The SOM clustering method is non-deterministic, owing to the random order in which genes are used to move the reference vectors. It is not sensitive to gene outliers (noises), because the effects of outliers can be counter-balanced or corrected through the input of other genes. Once the configuration for partitions of the decision space is chosen, the number of clusters is determined and is fixed during the rest of clustering process. The k-means clustering methods also have a fixed, pre-determined number of clusters at the beginning. However, the Self-Organizing Map method is different in that the cluster centres are restricted to lie in a one or two-dimensional manifold (the decision space).

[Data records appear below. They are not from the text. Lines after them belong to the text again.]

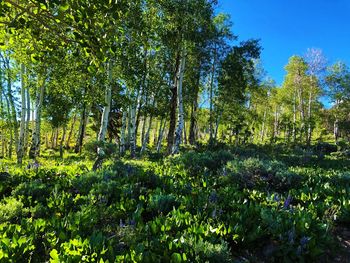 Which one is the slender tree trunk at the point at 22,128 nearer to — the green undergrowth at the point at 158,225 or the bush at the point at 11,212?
the green undergrowth at the point at 158,225

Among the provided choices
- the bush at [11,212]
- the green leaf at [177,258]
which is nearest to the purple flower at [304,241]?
the green leaf at [177,258]

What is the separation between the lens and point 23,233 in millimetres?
3691

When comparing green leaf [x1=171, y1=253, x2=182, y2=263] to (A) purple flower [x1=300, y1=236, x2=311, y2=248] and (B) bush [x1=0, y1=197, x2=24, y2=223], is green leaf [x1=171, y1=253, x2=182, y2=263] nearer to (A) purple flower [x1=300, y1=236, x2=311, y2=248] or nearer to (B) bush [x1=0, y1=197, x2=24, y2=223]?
(A) purple flower [x1=300, y1=236, x2=311, y2=248]

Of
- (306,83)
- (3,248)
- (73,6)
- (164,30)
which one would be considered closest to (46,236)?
(3,248)

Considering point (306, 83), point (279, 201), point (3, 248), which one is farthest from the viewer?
point (306, 83)

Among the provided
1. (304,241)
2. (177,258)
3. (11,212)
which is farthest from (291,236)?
(11,212)

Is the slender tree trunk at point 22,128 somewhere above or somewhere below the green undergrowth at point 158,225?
above

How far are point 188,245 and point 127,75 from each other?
14.7 metres

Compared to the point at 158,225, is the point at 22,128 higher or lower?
higher

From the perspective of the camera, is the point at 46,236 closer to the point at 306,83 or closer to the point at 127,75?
the point at 127,75

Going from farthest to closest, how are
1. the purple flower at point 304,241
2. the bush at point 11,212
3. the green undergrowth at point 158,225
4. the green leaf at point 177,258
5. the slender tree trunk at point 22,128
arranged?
the slender tree trunk at point 22,128 < the bush at point 11,212 < the purple flower at point 304,241 < the green undergrowth at point 158,225 < the green leaf at point 177,258

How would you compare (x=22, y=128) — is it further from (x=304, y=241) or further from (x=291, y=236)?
(x=304, y=241)

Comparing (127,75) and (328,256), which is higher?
(127,75)

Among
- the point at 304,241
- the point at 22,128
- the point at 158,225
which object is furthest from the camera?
the point at 22,128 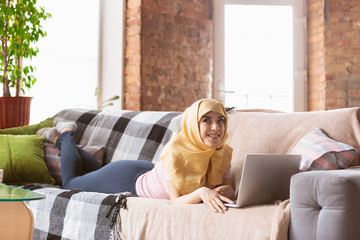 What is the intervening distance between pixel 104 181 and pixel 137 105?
1802 mm

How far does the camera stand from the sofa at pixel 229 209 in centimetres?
161

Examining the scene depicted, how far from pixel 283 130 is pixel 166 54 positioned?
7.55 feet

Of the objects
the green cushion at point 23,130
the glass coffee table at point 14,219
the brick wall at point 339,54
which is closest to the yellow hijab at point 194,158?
the glass coffee table at point 14,219

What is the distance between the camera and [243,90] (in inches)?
192

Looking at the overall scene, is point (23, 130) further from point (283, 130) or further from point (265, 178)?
point (265, 178)

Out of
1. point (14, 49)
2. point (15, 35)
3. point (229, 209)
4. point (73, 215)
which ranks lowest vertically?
point (73, 215)

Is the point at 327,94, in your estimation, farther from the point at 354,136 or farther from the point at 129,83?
the point at 354,136

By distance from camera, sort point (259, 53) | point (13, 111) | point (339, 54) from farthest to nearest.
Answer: point (259, 53)
point (339, 54)
point (13, 111)

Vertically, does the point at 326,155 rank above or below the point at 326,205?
above

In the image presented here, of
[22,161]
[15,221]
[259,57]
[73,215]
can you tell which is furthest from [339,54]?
[15,221]

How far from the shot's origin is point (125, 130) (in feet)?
10.6

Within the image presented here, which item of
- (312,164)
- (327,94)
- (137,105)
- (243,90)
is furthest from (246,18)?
(312,164)

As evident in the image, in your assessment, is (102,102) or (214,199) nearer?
(214,199)


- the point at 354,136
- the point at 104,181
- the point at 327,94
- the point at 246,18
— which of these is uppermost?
the point at 246,18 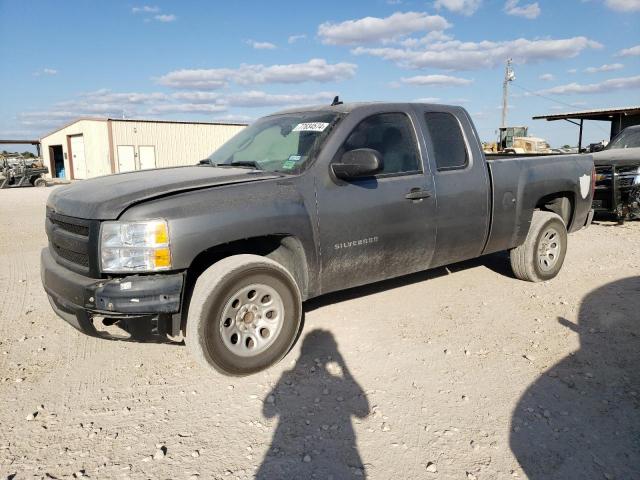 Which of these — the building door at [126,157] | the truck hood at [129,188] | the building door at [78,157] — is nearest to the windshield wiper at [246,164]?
the truck hood at [129,188]

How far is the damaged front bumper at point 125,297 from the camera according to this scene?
2975 millimetres

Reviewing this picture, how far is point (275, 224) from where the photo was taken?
340 cm

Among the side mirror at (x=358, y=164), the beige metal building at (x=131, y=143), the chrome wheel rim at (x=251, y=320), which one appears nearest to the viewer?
the chrome wheel rim at (x=251, y=320)

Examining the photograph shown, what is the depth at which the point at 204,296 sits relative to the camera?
3109mm

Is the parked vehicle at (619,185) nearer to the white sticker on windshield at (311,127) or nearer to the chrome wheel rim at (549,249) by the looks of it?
the chrome wheel rim at (549,249)

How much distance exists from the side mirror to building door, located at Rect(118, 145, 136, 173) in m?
30.2

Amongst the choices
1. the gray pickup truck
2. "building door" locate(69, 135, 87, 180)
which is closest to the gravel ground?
the gray pickup truck

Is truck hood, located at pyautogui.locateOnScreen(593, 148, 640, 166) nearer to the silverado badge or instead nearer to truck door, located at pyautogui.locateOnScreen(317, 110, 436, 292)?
the silverado badge

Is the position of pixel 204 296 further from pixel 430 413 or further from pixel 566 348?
pixel 566 348

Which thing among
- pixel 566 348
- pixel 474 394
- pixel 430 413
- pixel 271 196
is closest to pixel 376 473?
pixel 430 413

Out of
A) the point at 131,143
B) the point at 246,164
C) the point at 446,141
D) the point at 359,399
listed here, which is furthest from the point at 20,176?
the point at 359,399

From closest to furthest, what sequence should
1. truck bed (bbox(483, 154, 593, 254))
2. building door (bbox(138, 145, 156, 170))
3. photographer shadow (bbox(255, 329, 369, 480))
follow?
photographer shadow (bbox(255, 329, 369, 480)), truck bed (bbox(483, 154, 593, 254)), building door (bbox(138, 145, 156, 170))

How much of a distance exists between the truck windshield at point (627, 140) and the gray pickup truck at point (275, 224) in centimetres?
713

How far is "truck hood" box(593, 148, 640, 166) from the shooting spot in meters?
8.95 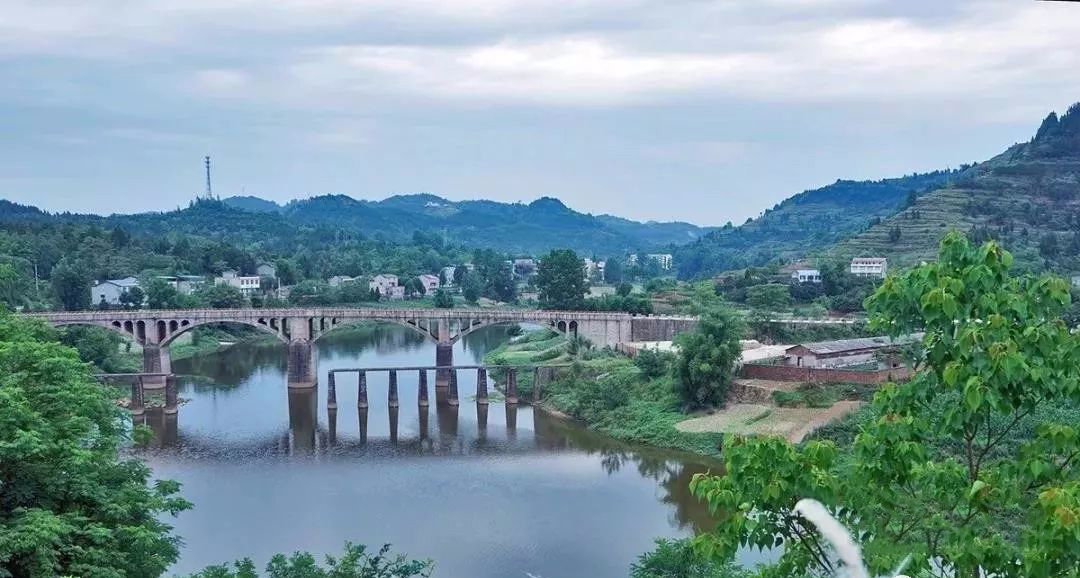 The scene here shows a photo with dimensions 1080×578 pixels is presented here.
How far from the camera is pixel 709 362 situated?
27.1m

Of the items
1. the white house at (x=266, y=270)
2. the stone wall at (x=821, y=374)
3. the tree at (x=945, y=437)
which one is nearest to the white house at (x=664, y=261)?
the white house at (x=266, y=270)

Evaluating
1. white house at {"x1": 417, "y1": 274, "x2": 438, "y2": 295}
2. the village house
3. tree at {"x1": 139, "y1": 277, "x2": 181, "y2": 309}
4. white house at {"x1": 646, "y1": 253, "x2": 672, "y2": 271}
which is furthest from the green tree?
white house at {"x1": 646, "y1": 253, "x2": 672, "y2": 271}

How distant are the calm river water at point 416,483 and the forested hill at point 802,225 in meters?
55.2

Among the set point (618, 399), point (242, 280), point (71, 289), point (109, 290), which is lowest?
point (618, 399)

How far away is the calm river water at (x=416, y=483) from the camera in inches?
711

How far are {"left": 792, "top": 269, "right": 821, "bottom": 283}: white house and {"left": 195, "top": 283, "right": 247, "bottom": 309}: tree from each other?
28.2m

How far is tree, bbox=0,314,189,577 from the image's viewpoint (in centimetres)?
905

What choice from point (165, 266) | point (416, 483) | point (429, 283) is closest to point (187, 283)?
point (165, 266)

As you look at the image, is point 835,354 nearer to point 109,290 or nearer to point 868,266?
point 868,266

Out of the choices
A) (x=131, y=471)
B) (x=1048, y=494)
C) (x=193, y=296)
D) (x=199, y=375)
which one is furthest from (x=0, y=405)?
(x=193, y=296)

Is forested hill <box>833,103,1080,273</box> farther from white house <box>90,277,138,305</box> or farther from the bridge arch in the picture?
white house <box>90,277,138,305</box>

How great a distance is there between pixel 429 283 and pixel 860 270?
32227 millimetres

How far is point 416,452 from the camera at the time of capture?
26.1 m

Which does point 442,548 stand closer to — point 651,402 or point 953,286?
point 651,402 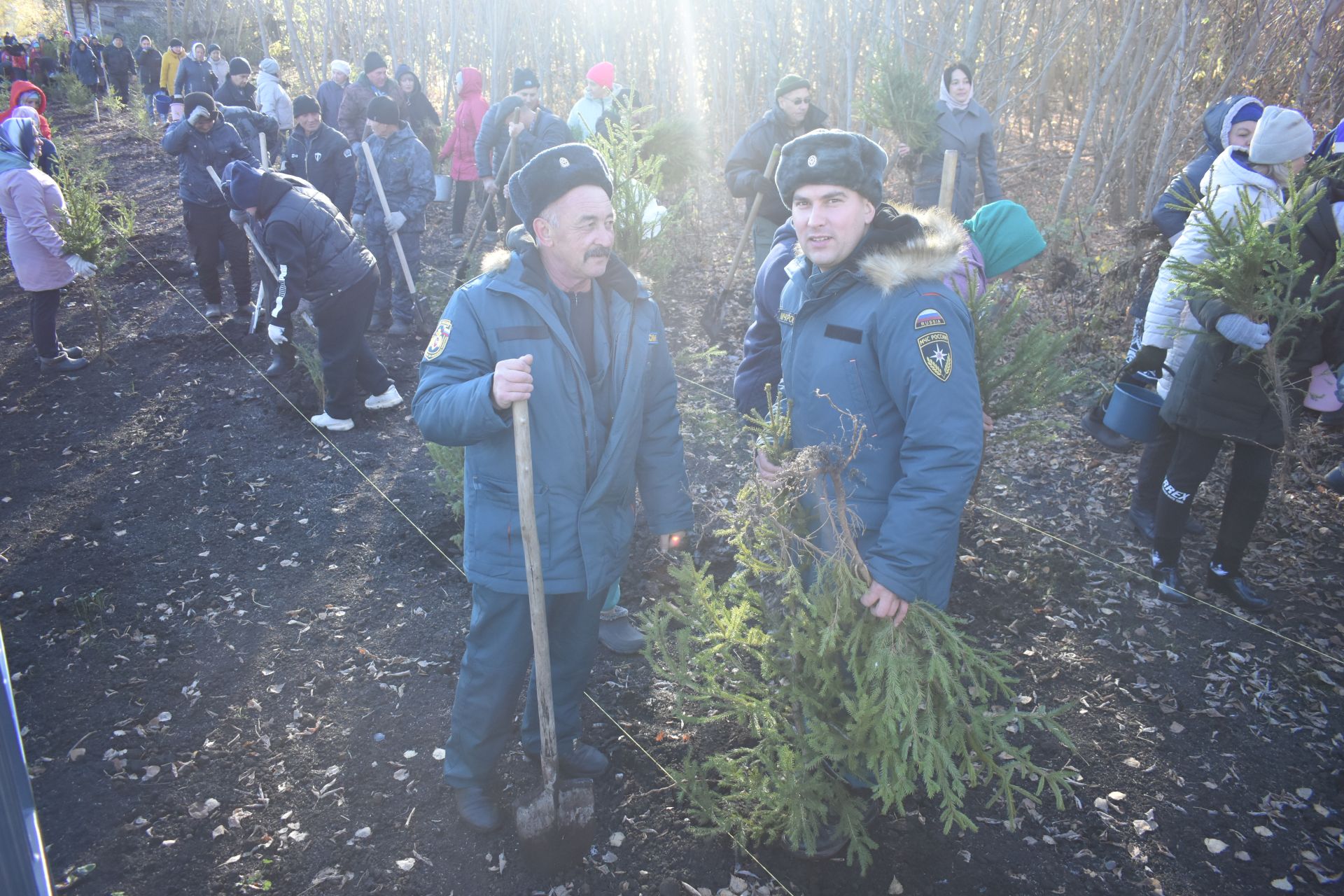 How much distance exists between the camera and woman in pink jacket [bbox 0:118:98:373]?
19.9ft

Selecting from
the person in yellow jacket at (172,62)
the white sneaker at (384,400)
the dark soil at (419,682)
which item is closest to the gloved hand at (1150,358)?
the dark soil at (419,682)

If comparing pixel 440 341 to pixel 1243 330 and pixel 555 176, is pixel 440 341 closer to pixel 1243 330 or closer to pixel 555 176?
pixel 555 176

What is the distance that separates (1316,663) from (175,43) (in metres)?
18.3

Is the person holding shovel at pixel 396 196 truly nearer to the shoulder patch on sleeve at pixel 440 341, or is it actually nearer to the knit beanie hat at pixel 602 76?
the knit beanie hat at pixel 602 76

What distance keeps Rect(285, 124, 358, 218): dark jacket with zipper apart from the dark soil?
2.58 m

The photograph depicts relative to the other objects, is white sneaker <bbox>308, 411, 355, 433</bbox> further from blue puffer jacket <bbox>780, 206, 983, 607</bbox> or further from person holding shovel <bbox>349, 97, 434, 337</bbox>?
blue puffer jacket <bbox>780, 206, 983, 607</bbox>

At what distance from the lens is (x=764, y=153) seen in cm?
659

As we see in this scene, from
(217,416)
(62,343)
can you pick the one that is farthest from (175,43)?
(217,416)

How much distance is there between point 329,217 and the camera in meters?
5.49

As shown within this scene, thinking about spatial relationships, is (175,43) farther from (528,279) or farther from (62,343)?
(528,279)

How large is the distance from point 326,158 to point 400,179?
2.52ft

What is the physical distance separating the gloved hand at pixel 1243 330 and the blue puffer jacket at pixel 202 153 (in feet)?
23.4

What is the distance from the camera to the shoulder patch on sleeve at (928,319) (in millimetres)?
2102

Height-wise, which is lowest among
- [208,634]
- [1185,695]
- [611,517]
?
[208,634] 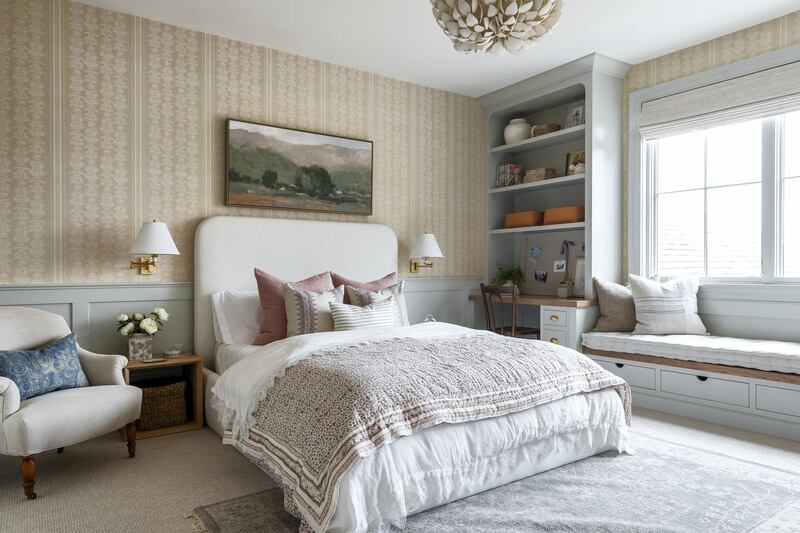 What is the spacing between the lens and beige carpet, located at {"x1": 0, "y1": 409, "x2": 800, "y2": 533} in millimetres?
2191

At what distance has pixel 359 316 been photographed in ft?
10.9

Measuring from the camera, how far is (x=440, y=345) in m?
2.83

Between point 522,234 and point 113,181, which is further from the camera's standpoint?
point 522,234

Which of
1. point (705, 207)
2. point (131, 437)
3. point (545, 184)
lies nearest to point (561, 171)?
point (545, 184)

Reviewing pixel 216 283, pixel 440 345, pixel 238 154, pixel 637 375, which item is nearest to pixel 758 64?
pixel 637 375

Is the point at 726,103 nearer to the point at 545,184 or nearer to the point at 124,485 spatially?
the point at 545,184

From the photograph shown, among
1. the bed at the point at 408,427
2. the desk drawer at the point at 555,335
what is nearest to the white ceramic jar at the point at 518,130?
the desk drawer at the point at 555,335

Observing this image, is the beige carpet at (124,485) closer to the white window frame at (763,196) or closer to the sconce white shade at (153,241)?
the sconce white shade at (153,241)

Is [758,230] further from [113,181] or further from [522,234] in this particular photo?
[113,181]

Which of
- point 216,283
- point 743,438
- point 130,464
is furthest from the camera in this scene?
point 216,283

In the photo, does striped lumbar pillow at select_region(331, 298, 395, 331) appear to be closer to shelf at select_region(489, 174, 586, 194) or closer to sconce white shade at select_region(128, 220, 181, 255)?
sconce white shade at select_region(128, 220, 181, 255)

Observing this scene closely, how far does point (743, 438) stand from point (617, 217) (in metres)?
1.96

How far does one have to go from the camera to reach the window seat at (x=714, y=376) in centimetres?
318

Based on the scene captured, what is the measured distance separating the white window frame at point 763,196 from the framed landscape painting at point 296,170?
2.17 m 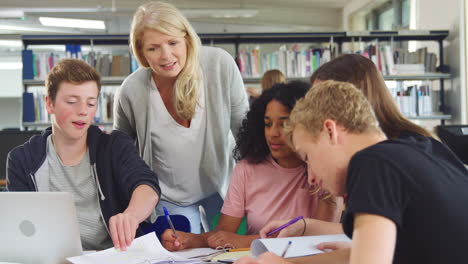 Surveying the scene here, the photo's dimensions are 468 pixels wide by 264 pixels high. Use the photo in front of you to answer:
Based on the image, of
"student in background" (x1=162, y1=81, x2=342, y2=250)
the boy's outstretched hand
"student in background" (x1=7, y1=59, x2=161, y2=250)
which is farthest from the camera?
"student in background" (x1=162, y1=81, x2=342, y2=250)

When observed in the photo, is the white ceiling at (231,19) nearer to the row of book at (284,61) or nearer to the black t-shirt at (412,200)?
the row of book at (284,61)

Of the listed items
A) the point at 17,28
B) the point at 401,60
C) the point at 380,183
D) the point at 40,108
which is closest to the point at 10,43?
the point at 17,28

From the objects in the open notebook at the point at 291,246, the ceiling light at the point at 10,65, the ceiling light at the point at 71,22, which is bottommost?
the open notebook at the point at 291,246

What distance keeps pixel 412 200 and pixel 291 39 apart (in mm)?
5068

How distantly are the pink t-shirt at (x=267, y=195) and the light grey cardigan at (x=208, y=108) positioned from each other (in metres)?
0.18

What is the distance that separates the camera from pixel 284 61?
595 centimetres

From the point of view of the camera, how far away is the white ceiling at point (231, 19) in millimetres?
9492

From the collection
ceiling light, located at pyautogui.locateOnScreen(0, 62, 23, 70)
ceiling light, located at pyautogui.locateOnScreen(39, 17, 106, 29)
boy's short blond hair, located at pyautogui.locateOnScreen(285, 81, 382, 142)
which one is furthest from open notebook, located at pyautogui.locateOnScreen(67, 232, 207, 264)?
ceiling light, located at pyautogui.locateOnScreen(0, 62, 23, 70)

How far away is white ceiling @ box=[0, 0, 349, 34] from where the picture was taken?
949cm

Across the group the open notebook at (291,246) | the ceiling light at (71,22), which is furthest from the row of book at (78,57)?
the open notebook at (291,246)

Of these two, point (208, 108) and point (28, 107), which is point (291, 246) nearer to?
point (208, 108)

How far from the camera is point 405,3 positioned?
768 centimetres

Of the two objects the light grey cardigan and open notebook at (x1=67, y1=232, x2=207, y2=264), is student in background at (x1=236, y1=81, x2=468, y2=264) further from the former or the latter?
the light grey cardigan

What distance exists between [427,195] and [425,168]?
5 cm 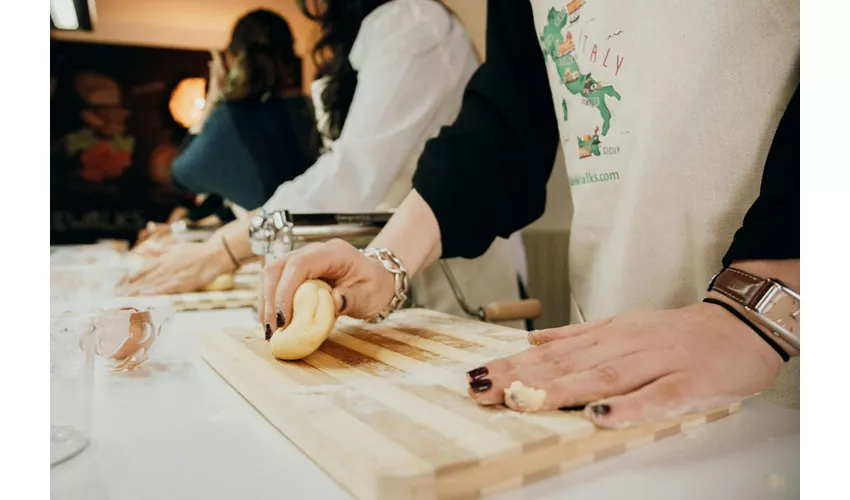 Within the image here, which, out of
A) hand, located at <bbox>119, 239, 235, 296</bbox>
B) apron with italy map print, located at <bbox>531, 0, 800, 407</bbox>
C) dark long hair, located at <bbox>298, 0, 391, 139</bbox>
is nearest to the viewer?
apron with italy map print, located at <bbox>531, 0, 800, 407</bbox>

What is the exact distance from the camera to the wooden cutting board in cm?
37

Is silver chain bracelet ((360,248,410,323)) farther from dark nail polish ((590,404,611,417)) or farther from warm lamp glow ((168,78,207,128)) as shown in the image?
warm lamp glow ((168,78,207,128))

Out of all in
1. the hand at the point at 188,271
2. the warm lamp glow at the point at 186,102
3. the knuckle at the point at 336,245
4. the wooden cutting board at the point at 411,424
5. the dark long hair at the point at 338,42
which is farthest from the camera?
the warm lamp glow at the point at 186,102

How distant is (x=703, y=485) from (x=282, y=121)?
65.9 inches

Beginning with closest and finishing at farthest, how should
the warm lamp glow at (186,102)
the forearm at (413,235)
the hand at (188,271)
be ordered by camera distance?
the forearm at (413,235), the hand at (188,271), the warm lamp glow at (186,102)

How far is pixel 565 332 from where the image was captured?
554 mm

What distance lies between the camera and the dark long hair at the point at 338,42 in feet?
4.49

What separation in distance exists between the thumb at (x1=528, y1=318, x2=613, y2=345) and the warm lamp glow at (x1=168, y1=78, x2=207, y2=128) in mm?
3842

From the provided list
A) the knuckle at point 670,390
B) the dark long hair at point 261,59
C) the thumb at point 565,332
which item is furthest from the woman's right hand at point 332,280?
the dark long hair at point 261,59

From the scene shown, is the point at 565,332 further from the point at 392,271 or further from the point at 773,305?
the point at 392,271

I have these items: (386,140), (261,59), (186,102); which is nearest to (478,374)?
(386,140)

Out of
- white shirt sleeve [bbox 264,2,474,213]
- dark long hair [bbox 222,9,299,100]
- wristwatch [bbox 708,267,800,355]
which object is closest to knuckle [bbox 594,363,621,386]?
wristwatch [bbox 708,267,800,355]

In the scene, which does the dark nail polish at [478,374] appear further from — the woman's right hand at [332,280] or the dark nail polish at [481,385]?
the woman's right hand at [332,280]

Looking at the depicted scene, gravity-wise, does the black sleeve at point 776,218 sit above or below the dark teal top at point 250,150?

Self-Organizing Tree Algorithm (SOTA)

Contrary to the HC methods, which are agglomerative clustering methods, the Self-Organizing Tree Algorithm is a divisive (top-down) clustering method [7, 16, 20]. It starts the clustering process with a binary tree consisting of a root node with two leaves, each of which represents one cluster. The self-organizing process then grows the tree by converting the leaf with the largest resources into a node and attaching two new leaves to it. The resource value for each cluster is defined as the mean value of the distances between the cluster and the genes associated with it.

The Self-Organizing Tree Algorithm combines the tree structure of hierarchy clustering methods and the neural network structure of Self-Organizing Maps for adjusting the cluster vectors. Similar to the SOM algorithm, the SOTA [7] algorithm is non-deterministic and not sensitive to gene outliers (noises). The topology of the clusters is a binary tree, which is similar to that of the hierarchical algorithm except that the number of clusters can only grow. Furthermore, the number of clusters can be customized using the SOTA method by stopping the self-organizing tree growth process after a specific number of loops. Therefore, the SOTA algorithm is more flexible than the HC method and SOM.